The authors discuss the role of smell in the priming individuals for certain adaptive emotional responses. Individuals with high levels of social anxiety, for example, show “more pronounced withdrawal-related behavior (startle reflex) when exposed to anxiety-related sweat samples than individuals with low levels of social anxiety.” Moreover, individuals with high social anxiety and those with a history of childhood maltreatment “show an altered responsiveness to anxiety-related sweat samples.”
Human beings, in sum, are capable of subtle and substantial chemical communication via the sense of smell.
The second myth is that human "pheromones" are active in controlling human mating behavior. Pheromones are defined as “substances which are secreted to the outside by an individual and received by a second individual of the same species, in which they release a specific reaction, for example, a definite behavior or a developmental process.” Pheromones have been identified in many species, and the search for the human version has been intense, buoyed in part by studies of so-called menstrual synchrony: the reported tendency of the menstrual cycles to synchronize in groups of women who reside together. Such synchronicity was thought to have been caused by pheromones.
Alas, while widely circulated, this notion is inaccurate. Multiple studies have tried and failed to replicate the synchronicity effect. The effect, when found, is often explained best by simple chance, given the inherent overlap in women’s cycles.
The search for human pheromones beyond this famous finding has likewise come to naught. The authors conclude: “The quest for a human pheromone remains unfulfilled. No compound(s) in the human volatilome has yet been isolated and ascertained to unconditionally and reliably release stereotyped behaviors or to prime physiological responses.”
In sum, research has established that the human sense of smell is in fact highly developed. We know that one’s emitted airborne volatile compounds are readily detected and processed by others to myriad conscious and covert effects.
The authors conclude: “Smell is a potent influence on multiple life domains, including cooperation, mate choice, parenting, and emotional state.” They note that individual reactions to volatiles are shaped by multiple internal and external variables including personality, mental state, social context, expectations, and evolutionary preparedness.

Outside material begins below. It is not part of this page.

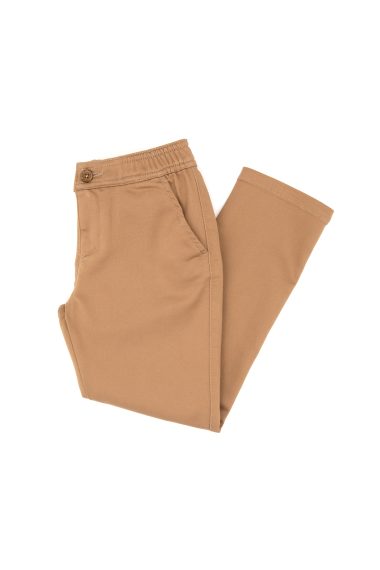 شلوار کانواس  شتری  هویجی  پسرانه یو اس پولو | US POLO ASSN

They further note that olfactory reactions are integrated with the other senses and may at times confirm, contradict, overrule—or be overruled by—inputs from the other senses.
Finally, volatiles are “processed in social and emotional brain areas rather than purely olfactory brain areas, carefully sculpted throughout evolution but still malleable to present-day psychological factors.” In other words, as with our other senses, biology designs the hardware, yet psychology programs the software.
The challenges ahead for the field are considerable. For one, sorting through the multiple scents emitted by humans in varying degrees and combinations, and relating them to specific behavioral or bodily reactions is a daunting task. Moreover, the work on olfaction will need to remain sensitive to the influence of context and avoid rushing to generalize from small samples to the whole and from one culture to the next.
“Nevertheless,” write the authors, “major breakthroughs may be forthcoming because of the increasing availability of advanced techniques that enable the measurement of dynamic changes in volatiles and the identification of active compounds in normally behaving individuals.” The authors conjecture that the principles of chemical communication could, in the future, be used to “regulate individual emotional states, such as reducing anxiety and depression by specific olfactory safety cues.”
Aromatherapy, in other words, may at last become a real, empirically based therapy.